Rhee, who has become the national face of education reform, could end up jobless after D.C. voters ousted Mayor Adrian Fenty.
Under Rhee's three-year watch, more than 200 teachers have been fired. Almost 20 schools have closed, and pay has been tied to merit evaluations. But test scores have shot up for elementary and secondary school students, and teachers' salaries were raised.
"The situation we inherited three years ago in Washington, D.C., was absolutely deplorable," Rhee said. "People need to understand that and if that makes people uncomfortable, then so be it."
The victor in Tuesday's Democratic primary -- and therefore almost a sure winner come November in this overwhelmingly Democratic city -- is City Council Chairman Vincent Gray, a chief Rhee antagonist at oversight hearings.
Gray has not said he would fire Rhee, but he hasn't said he would keep her on either.
"I have said on many occasions that after this election is over, I'd like to sit down with Michelle Rhee and let us walk and talk through it, you know, how we might work together," Gray said on CNN Tuesday.

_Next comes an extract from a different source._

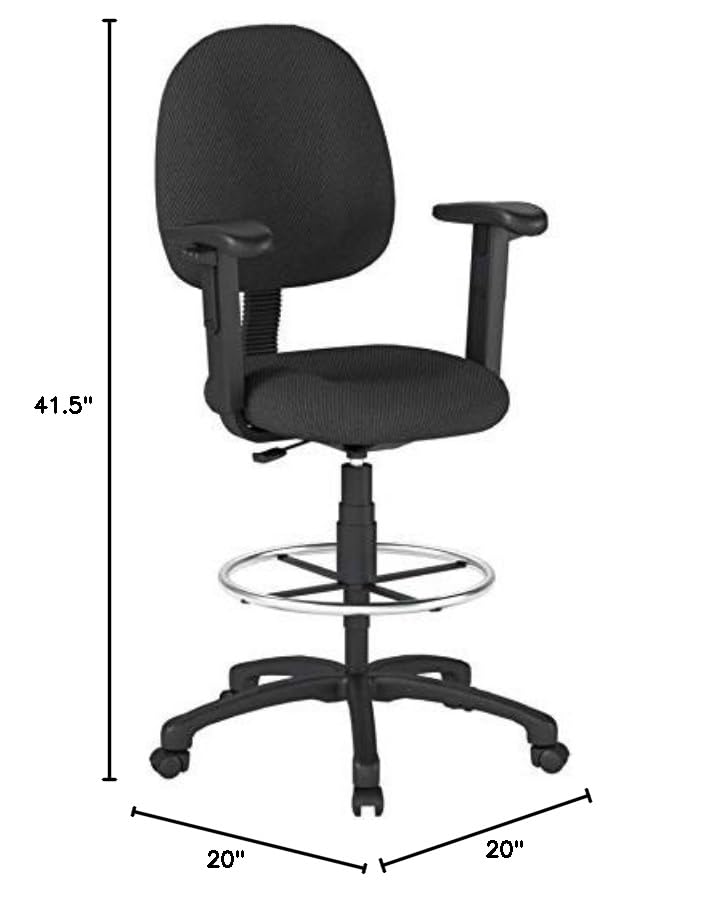 Boss Office Products Ergonomic Works Drafting Chair with Adjustable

Rhee had campaigned for Fenty. The Washington Teacher's Union campaigned for Gray.
"This has been a significant change in direction, and it's going to require me sitting down with Mayor Fenty, the chairman and other people to see what's in the best interests of our kids," Rhee said Wednesday in an interview with MSNBC.
Rhee Feels Guilty About Fenty Loss
"I do feel sort of bad and guilty," she said. "This man, Adrian Fenty, is truly the best leader I've ever worked for. We need more leaders like him who are willing to stake everything to make sure our kids are getting a good education."
Obviously, D.C. voters disagree. And so do the leaders of local and national teachers unions.
An op-ed Wednesday morning by George Parker, president of the Washington Teacher's Union, and Randi Weingarten, president of the American Federation of Teachers, made no mention of Rhee. The article was titled "No Turning Back for D.C. Kids," and it suggested that the teachers would be happier and work more collaboratively with Gray.
"Public education is a marathon, not a sprint. Yes, there's urgency to fixing our schools, but we have to set ourselves on a long-term path toward constant and sustainable progress," wrote the union leaders.
President Obama stayed out of the race, but Secretary of Education Arne Duncan appeared at an event with Fenty and Rhee in the closing days of the campaign. It was not a campaign event, but Duncan announced $75 million in new federal funding for D.C. schools. He was noticeably absent from any event with Gray.